**Work to be completed:**
Quote the records exactly, starting at the first line and stopping after the line with "Good day YouTube."; skip the pictures.
——
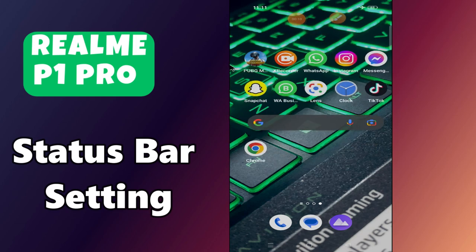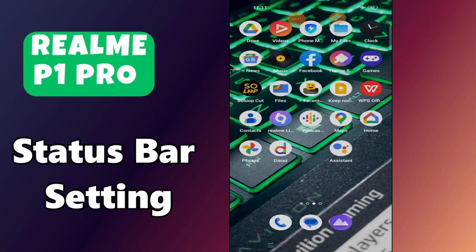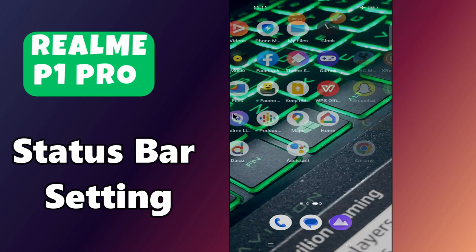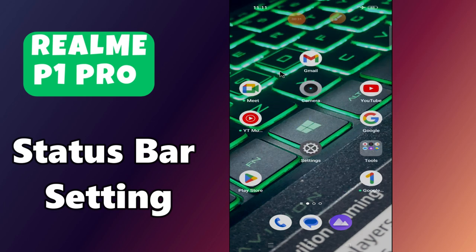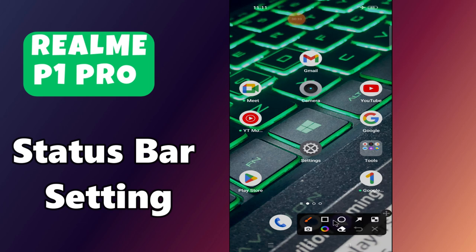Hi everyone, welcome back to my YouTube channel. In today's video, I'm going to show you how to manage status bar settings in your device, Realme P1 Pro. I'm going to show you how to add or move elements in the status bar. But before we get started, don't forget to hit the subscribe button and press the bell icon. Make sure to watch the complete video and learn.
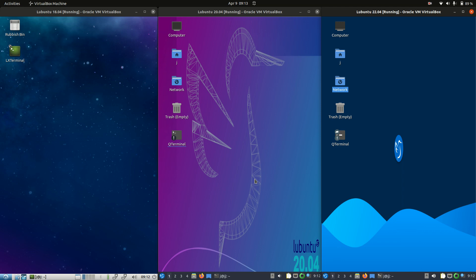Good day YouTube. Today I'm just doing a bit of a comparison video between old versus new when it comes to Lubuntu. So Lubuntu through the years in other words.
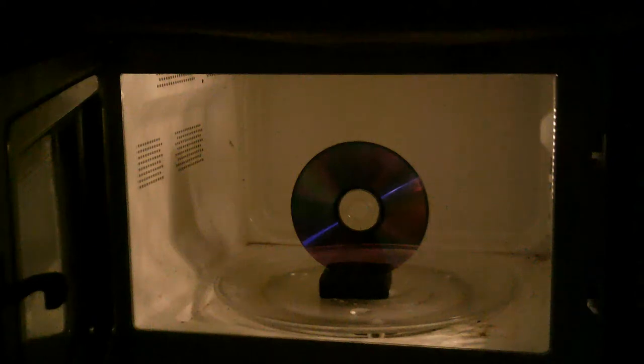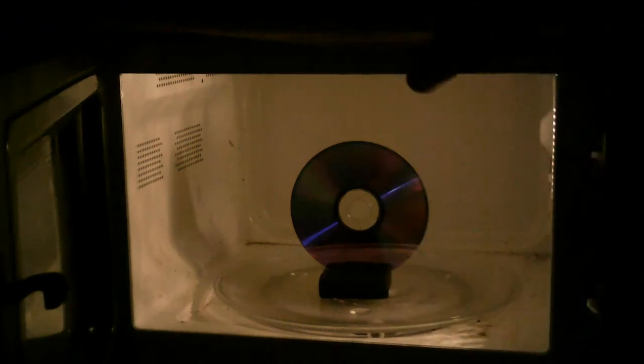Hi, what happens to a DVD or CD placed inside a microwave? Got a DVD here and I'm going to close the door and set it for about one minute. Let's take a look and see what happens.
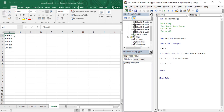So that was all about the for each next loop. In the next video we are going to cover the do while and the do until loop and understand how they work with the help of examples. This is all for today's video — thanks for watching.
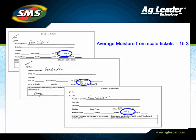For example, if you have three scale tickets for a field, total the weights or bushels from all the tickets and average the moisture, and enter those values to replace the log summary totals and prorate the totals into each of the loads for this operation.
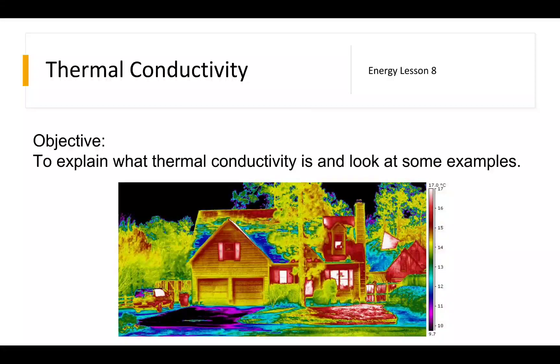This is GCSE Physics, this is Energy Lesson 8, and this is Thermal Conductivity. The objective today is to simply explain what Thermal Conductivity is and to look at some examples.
——
**Response:**
Hi everyone, welcome back to my YouTube channel. In today's video, I'm going to show you how to manage status bar settings in your device, Realme P1 Pro. I'm going to show you how to add or move elements in the status bar. But before we get started, don't forget to hit the subscribe button and press the bell icon. Make sure to watch the complete video and learn.
Good day YouTube. Today I'm just doing a bit of a comparison video between old versus new when it comes to Lubuntu. So Lubuntu through the years in other words.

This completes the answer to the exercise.